Since we have generated anchor boxes of different sizes on multiple scales, we will use them to detect objects of various sizes at different scales. Now we are going to introduce a method based on convolutional neural networks (CNNs).

At a certain scale, suppose we generate \(h \times w\) sets of anchor boxes with different midpoints based on \(c_i\) feature maps with the shape \(h \times w\) and the number of anchor boxes in each set is \(a\). For example, for the first scale of the experiment, we generate 16 sets of anchor boxes with different midpoints based on 10 (number of channels) feature maps with a shape of \(4 \times 4\), and each set contains 3 anchor boxes. Next, each anchor box is labeled with a category and offset based on the classification and position of the ground-truth bounding box. At the current scale, the object detection model needs to predict the category and offset of \(h \times w\) sets of anchor boxes with different midpoints based on the input image.

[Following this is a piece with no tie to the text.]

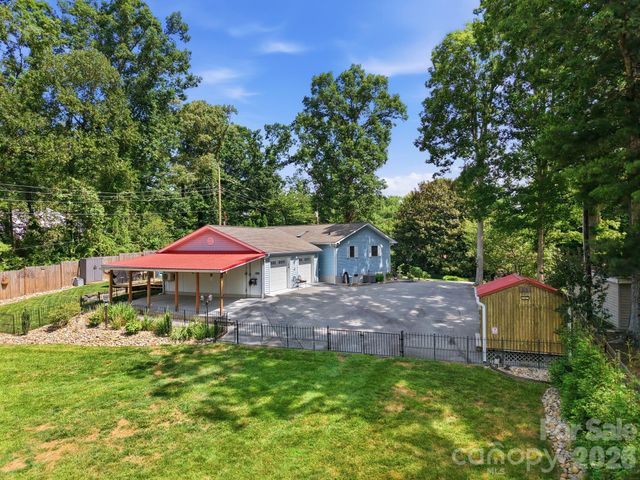 220 Bradshaw Avenue, Hendersonville, NC 28792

We assume that the \(c_i\) feature maps are the intermediate output of the CNN based on the input image. Since each feature map has \(h \times w\) different spatial positions, the same position will have \(c_i\) units. According to the definition of receptive field in the “Two-Dimensional Convolutional Layer” section, the \(c_i\) units of the feature map at the same spatial position have the same receptive field on the input image. Thus, they represent the information of the input image in this same receptive field. Therefore, we can transform the \(c_i\) units of the feature map at the same spatial position into the categories and offsets of the \(a\) anchor boxes generated using that position as a midpoint. It is not hard to see that, in essence, we use the information of the input image in a certain receptive field to predict the category and offset of the anchor boxes close to the field on the input image.

When the feature maps of different layers have receptive fields of different sizes on the input image, they are used to detect objects of different sizes. For example, we can design a network to have a wider receptive field for each unit in the feature map that is closer to the output layer, to detect objects with larger sizes in the input image.

We will implement a multiscale object detection model in the following section.

## 12.5.1. Summary¶

- We can generate anchor boxes with different numbers and sizes on multiple scales to detect objects of different sizes on multiple scales.
- The shape of the feature map can be used to determine the midpoint of the anchor boxes that uniformly sample any image.
- We use the information for the input image from a certain receptive field to predict the category and offset of the anchor boxes close to that field on the image.

## 12.5.2. Exercises¶

- Given an input image, assume \(1 \times c_i \times h \times w\) to be the shape of the feature map while \(c_i, h, w\) are the number, height, and width of the feature map. What methods can you think of to convert this variable into the anchor box’s category and offset? What is the shape of the output?